The judge summed up and, without leaving the court to deliberate, the jury quickly returned a guilty verdict. Jane made another impassioned speech:
Let me tell you this: I defy Mr McKenna, and I defy the law, and any power on earth, to compel me to serve another long term of imprisonment… I shall resume the hunger strike. If I am forcibly fed again it may soon cause my death, or what is worse, and more likely — drive me mad… Surrender I never shall to the law as it now stands. I consider it my highest duty in life to work in this cause, to give all my time, my efforts, and my life, if need be.
Though he expressed regret, the judge sentenced her to eighteen months with hard labour.

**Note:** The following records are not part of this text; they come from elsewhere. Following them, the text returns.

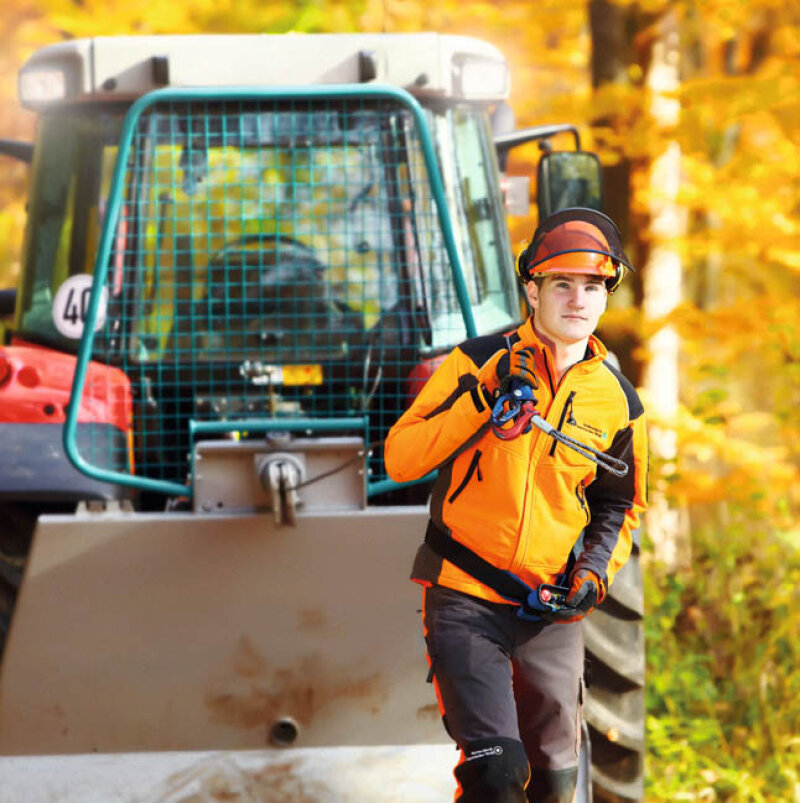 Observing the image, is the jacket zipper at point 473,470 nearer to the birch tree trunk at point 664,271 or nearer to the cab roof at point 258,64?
the cab roof at point 258,64

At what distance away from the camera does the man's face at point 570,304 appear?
280cm

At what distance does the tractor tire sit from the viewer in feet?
12.2

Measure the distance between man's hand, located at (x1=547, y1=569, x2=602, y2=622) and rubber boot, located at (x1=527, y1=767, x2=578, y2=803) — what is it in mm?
Result: 402

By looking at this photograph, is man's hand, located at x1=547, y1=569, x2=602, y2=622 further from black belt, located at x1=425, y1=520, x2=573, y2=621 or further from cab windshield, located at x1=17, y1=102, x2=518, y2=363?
cab windshield, located at x1=17, y1=102, x2=518, y2=363

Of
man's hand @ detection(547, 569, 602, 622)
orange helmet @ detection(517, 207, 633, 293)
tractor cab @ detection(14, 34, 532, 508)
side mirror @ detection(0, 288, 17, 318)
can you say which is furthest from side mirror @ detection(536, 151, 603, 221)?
side mirror @ detection(0, 288, 17, 318)

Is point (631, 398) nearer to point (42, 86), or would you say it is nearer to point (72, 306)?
point (72, 306)

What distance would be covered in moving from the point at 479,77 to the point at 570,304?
1514 millimetres

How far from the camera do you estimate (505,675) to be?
9.42 feet

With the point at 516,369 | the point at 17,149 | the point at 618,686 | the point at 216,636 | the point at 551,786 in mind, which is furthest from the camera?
the point at 17,149

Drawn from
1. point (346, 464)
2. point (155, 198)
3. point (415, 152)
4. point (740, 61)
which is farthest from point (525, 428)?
point (740, 61)

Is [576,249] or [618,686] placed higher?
[576,249]

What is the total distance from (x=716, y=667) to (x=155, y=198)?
310 centimetres

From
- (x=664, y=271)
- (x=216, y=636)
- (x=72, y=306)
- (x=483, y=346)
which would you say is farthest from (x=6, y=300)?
(x=664, y=271)

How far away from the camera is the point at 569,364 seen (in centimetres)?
287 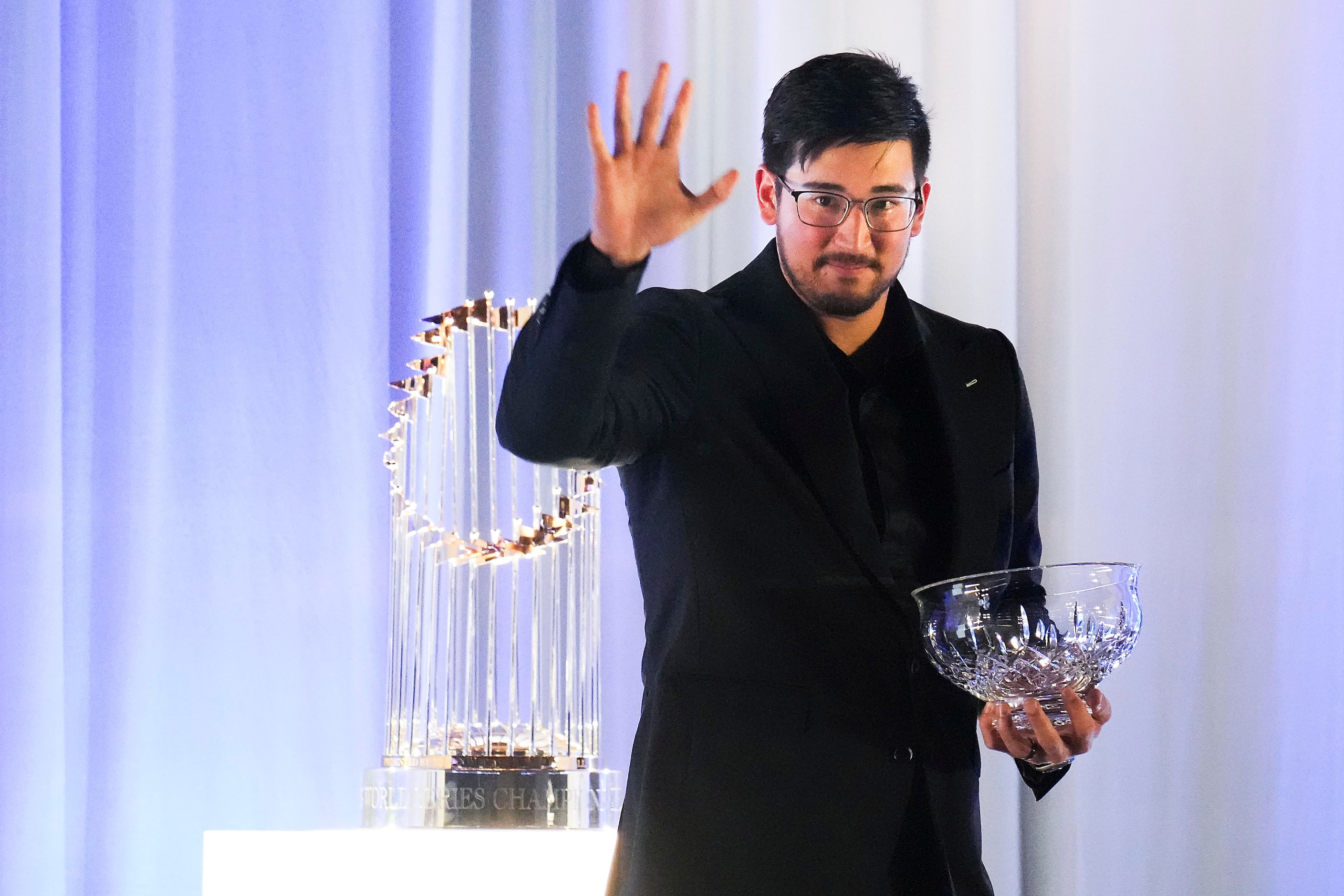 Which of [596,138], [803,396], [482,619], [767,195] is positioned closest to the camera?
[596,138]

Returned to Holloway, Jane again refused to eat and, two days later, twice-daily force-feeding was commenced. Her throat soon become painfully inflamed from the feeding tube and, after a week, her pulse was ‘dangerously low’. To induce her to eat she was bribed with more books, extra exercise, and coffee ‘for which she has a great weakness’. She stood firm. She was even told that, if she would only undertake not to reoffend, she would be released, but she refused. The Suffragette reported that ‘she sends out a message saying she will endure to the end.’
Release and aftermath
Jane’s prison sentence was due to end in April 1915. No reference to her release has been found in either primary or secondary sources, but it is assumed that she was freed on 10th August 1914 under the general amnesty of suffragette prisoners following the outbreak of the First World War.

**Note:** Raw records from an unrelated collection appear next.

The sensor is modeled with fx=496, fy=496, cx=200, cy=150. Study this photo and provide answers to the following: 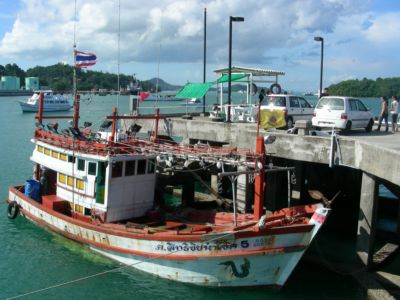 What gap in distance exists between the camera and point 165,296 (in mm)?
14500

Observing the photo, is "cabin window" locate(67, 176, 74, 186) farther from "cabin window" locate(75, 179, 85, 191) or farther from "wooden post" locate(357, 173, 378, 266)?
"wooden post" locate(357, 173, 378, 266)

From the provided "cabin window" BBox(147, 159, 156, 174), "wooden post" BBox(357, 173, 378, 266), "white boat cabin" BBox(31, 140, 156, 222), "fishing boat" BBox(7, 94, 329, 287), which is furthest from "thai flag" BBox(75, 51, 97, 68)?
"wooden post" BBox(357, 173, 378, 266)

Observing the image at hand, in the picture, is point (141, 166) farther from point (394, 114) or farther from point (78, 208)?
point (394, 114)

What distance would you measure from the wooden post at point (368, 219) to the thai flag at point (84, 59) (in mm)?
11509

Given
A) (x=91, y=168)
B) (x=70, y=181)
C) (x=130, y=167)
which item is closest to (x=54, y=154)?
(x=70, y=181)

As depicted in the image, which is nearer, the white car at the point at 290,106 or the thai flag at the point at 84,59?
the thai flag at the point at 84,59

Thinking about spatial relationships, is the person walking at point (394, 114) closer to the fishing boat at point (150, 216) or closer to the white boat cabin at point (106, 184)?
the fishing boat at point (150, 216)

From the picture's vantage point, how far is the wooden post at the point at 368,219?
570 inches

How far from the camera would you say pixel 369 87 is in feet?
495

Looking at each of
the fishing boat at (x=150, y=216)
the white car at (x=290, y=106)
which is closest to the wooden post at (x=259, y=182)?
the fishing boat at (x=150, y=216)

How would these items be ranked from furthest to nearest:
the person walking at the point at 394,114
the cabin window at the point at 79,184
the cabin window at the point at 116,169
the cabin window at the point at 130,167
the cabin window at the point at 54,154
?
the person walking at the point at 394,114 < the cabin window at the point at 54,154 < the cabin window at the point at 79,184 < the cabin window at the point at 130,167 < the cabin window at the point at 116,169

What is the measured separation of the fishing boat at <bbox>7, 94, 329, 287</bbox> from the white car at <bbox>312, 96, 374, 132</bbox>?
5.96 metres

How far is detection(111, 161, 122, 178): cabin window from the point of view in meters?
16.7

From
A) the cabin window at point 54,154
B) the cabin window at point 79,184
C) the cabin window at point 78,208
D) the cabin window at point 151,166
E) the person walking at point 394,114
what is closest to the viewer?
the cabin window at point 151,166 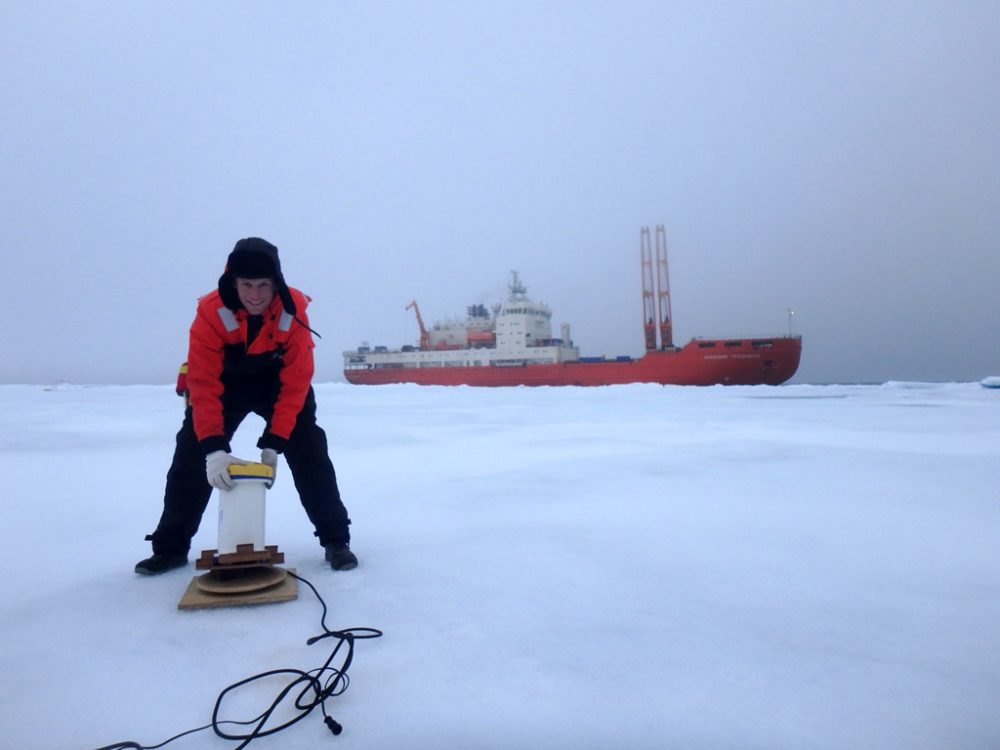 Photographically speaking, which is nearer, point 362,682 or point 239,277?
point 362,682

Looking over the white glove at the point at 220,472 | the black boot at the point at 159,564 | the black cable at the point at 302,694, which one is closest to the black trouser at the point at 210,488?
the black boot at the point at 159,564

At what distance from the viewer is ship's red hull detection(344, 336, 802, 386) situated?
18797 millimetres

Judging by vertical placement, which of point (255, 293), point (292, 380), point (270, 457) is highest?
point (255, 293)

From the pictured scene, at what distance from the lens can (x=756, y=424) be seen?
17.5 feet

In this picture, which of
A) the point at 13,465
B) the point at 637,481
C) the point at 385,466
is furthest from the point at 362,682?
the point at 13,465

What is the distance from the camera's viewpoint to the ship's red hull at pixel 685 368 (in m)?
18.8

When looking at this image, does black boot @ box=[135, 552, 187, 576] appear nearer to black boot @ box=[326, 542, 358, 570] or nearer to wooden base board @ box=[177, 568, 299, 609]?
wooden base board @ box=[177, 568, 299, 609]

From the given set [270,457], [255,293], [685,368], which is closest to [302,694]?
[270,457]

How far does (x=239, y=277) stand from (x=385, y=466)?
1.90 metres

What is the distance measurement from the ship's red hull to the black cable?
19.5 m

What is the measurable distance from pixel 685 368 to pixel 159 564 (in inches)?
771

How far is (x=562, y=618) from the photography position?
1136mm

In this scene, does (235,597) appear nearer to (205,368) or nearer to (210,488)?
(210,488)

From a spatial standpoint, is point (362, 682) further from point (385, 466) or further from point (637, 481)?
point (385, 466) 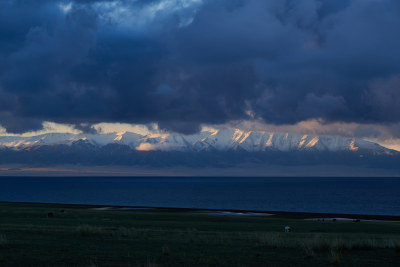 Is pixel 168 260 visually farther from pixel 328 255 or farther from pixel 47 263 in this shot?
pixel 328 255

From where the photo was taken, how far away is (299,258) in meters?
20.5

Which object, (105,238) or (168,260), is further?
(105,238)

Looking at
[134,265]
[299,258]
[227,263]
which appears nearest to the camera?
[134,265]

After ten months of imprisonment, hunger strikes and forcible feeding, Jane’s health must have been poor. Lady Constance Lytton appears to have felt a personal responsibility towards her. She arranged for her to be cared for in a private mental asylum and, when she was well enough, would invite her to spend a day with her family at Knebworth House.

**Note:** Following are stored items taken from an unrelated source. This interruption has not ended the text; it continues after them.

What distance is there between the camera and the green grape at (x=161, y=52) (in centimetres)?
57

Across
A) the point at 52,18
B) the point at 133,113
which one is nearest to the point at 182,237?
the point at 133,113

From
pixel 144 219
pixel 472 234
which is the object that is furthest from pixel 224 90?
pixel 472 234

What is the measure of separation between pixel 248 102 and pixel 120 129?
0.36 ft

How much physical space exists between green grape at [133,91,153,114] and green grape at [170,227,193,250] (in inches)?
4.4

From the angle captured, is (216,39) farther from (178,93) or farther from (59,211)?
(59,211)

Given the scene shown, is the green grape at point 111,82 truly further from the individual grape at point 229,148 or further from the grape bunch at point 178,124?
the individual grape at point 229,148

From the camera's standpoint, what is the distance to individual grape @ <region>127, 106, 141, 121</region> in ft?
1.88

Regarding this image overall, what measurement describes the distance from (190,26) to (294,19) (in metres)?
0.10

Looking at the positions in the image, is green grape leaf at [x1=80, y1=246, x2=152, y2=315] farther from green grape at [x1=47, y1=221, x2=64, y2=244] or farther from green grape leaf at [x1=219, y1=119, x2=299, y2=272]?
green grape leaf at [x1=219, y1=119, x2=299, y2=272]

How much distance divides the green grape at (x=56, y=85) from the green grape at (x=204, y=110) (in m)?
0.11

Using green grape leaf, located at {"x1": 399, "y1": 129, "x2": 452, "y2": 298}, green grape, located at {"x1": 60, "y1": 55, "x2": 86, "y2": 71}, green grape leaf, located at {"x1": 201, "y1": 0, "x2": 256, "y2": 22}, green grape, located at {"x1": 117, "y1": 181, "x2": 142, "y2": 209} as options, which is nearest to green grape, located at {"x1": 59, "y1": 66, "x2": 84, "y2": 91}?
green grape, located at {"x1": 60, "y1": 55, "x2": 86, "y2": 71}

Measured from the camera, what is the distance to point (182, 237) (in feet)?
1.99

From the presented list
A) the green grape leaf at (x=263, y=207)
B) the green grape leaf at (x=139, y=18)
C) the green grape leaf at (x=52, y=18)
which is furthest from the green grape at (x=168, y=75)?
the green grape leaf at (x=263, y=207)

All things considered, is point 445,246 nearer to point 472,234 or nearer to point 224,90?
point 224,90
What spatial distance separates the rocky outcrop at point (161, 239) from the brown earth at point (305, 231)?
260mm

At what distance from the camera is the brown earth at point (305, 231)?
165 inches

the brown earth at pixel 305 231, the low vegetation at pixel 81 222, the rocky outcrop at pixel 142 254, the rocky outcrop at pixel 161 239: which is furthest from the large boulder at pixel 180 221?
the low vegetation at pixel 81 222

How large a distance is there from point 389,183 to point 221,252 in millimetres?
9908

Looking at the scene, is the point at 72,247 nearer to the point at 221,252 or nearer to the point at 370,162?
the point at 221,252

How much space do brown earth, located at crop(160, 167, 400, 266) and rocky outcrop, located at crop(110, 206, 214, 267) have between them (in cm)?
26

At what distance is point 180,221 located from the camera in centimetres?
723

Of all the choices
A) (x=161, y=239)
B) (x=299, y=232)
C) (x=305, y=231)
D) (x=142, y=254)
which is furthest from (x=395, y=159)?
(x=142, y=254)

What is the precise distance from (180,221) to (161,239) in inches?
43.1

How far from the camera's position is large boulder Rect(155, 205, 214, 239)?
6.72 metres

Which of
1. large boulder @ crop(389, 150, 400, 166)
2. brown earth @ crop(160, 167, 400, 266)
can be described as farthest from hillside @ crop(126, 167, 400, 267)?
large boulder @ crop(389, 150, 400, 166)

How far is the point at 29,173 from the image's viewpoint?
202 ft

Although Jane has been described as having no family, this was not the case. Her father remained in Catford until his death in 1924, and her youngest brother lived in nearby Peckham with his wife and daughter until his death in 1944. She also had a sister, another brother, and a large number of cousins.
After Lady Constance’s death in May 1923, Emmeline Pethick-Lawrence suggested that former members of the WSPU might contribute towards Jane’s care, but there is no evidence that this was ever organised. Those who cared for her found her difficult and Mrs Pethick-Lawrence described her as ‘not dangerous but quarrelsome and talkative’.
In 1921 ‘Jane Short alias Rachel Peace’ appears in the census for Buckinghamshire Mental Hospital. By 1939 she was in Wiltshire County Mental Asylum in Devizes, where she died in August 1964, aged 83. She was buried in the grounds of the institution, by then known as Roundway Hospital.